Pengalaman Indonesia dengan teknologi EOR menunjukkan bahwa produksi minyak dapat bertambah sekitar 8% hingga 16% dan penggunaan karbon dioksida berada dalam kisaran 5 hingga 10 juta kubik kaki per barel. Diperkirakan sekitar 38 hingga 152 juta ton CO2 dapat disimpan di dalam reservoir minyak yang semakin menipis di Kalimantan dan sekitar 265 hingga 531 juta barel minyak dapat ditangkap kembali (recover).
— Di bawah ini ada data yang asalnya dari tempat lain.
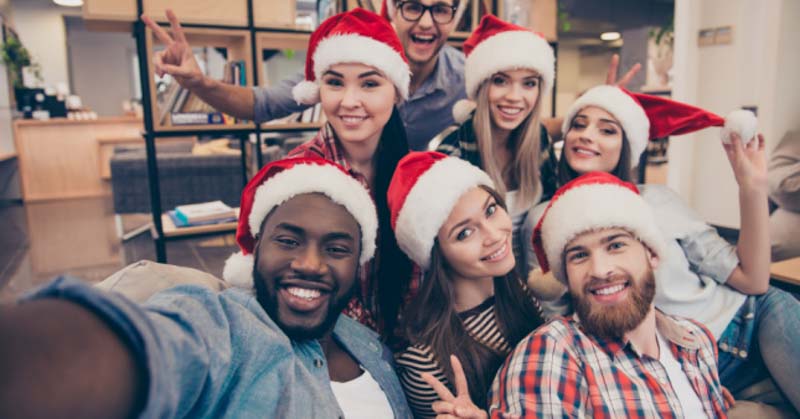 selfie of group of office workers cheerfully wearing santa hats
Di Sumatera Selatan, sekitar 18 hingga 36 juta ton CO2 dapat disimpan di dalam reservoir minyak dan potensi minyak yang dapat ditangkap kembali adalah sekitar 84 hingga 167 barel. Biaya investasi yang diperlukan bervariasi dan tergantung pada banyak faktor. Biaya penurunan emisi CO2 diperkirakan berkisar antara 50 hingga 70 dollar Amerika per ton CO2.
Referensi:
BPPT dan KLH, “Indonesia’s Technology Needs Assessment for Climate Change”, Jakarta: Maret 2009.
Canadian Geographic Magazine, www.canadiangeographic.ca/magazine/jf08/indepth/weyburn.asp, diakses tanggal 2 Mei 2010.
The Massachusetts Institute of Technology (MIT), “The Future of Coal: Options for A Carbon-Constrained World”, 2007.
Situmeang, Hardiv H. Dr, “CCS – Financing Challenges and Opportunities: Investment Drivers, Incentives and Financing Options, The Role of Developing Countries”, Presentation at World Energy Council, London: 2008.
Wikipedia, “Carbon Capture and Storage”, http://en.wikipedia.org/wiki/Carbon_capture_and_storage, diakses tanggal 2 Mei 2010.
Vattenfall website, www.vattenfall.com, diakses tanggal 2 Mei 2010.